A fazenda Yvu faz parte de uma área de 55.590 hectares que está em processo de demarcação pelo Governo federal. Um estudo antropológico iniciado em 2007 mostrou que o local pertencia aos guarani, que começaram a ser expulsos da área em 1882 para dar lugar ao cultivo de erva mate. No início do século XX esse processo de expulsão foi intensificado, quando o Governo brasileiro começou a vender as terras para a implementação de fazendas. O problema é que muitos desses locais foram vendidos a proprietários rurais que possuem a titularidade das terras, criando um impasse. Quando identificada como Terra Indígena pelos estudos, o Governo federal tem que desapropriar a área, mas ele só pode indenizar os fazendeiros pelas benfeitorias feitas na terra, como imóveis, por exemplo. O valor do terreno não pode entrar na conta porque reconheceu-se que ele era dos índios antes de ser dos fazendeiros e, portanto, não pode ser comprado.
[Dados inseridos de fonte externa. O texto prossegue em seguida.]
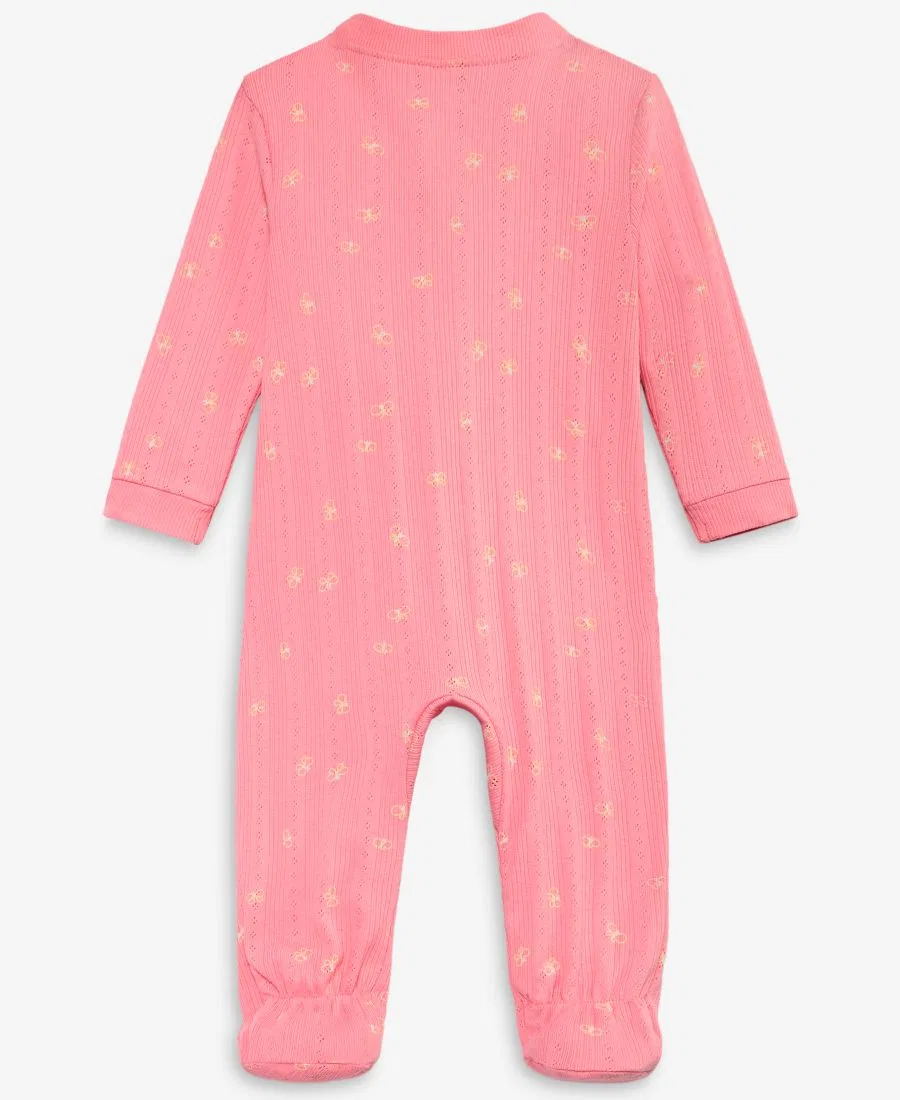 Детский комбинезон Everyday Baby Essentials для девочек из хлопка с ажурным узором и двусторонней молнией First Impressions, розовый — фото 3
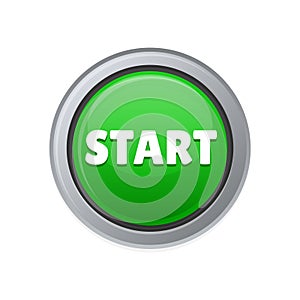 Green Start Button on White Background. Vector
Diante do impasse, que dura décadas, os índios cansaram de esperar e começaram a realizar as chamadas "retomadas", expressão usada pelos indigenistas para definir a ocupação de uma área que já pertenceu a seus ancestrais. Entram nas fazendas e montam acampamentos improvisados. Muitas vezes, acabam sendo expulsos pelos próprios fazendeiros, muitas vezes com truculência.

O ataque ocorrido na Yvu é similar ao que aconteceu em outra fazenda do município de Antonio João, próximo da fronteira com o Paraguai. Semião Fernandes Vilhalva, um guarani-kaiowá de 24 anos, acabou assassinado com um tiro na cabeça depois que fazendeiros entraram no local para expulsar índios que faziam uma retomada. O Ministério Público Federal denuncia constantemente que mesmo com a intensificação dos conflitos a região é pouco policiada. O Ministério da Justiça não explicou, após questionamento do EL PAÍS, por que a área onde houve o ataque de terça-feira não estava sendo monitorada, já que estava em litígio havia mais de um dia. A Força Nacional foi enviada para o local depois da morte do agente de saúde indígena.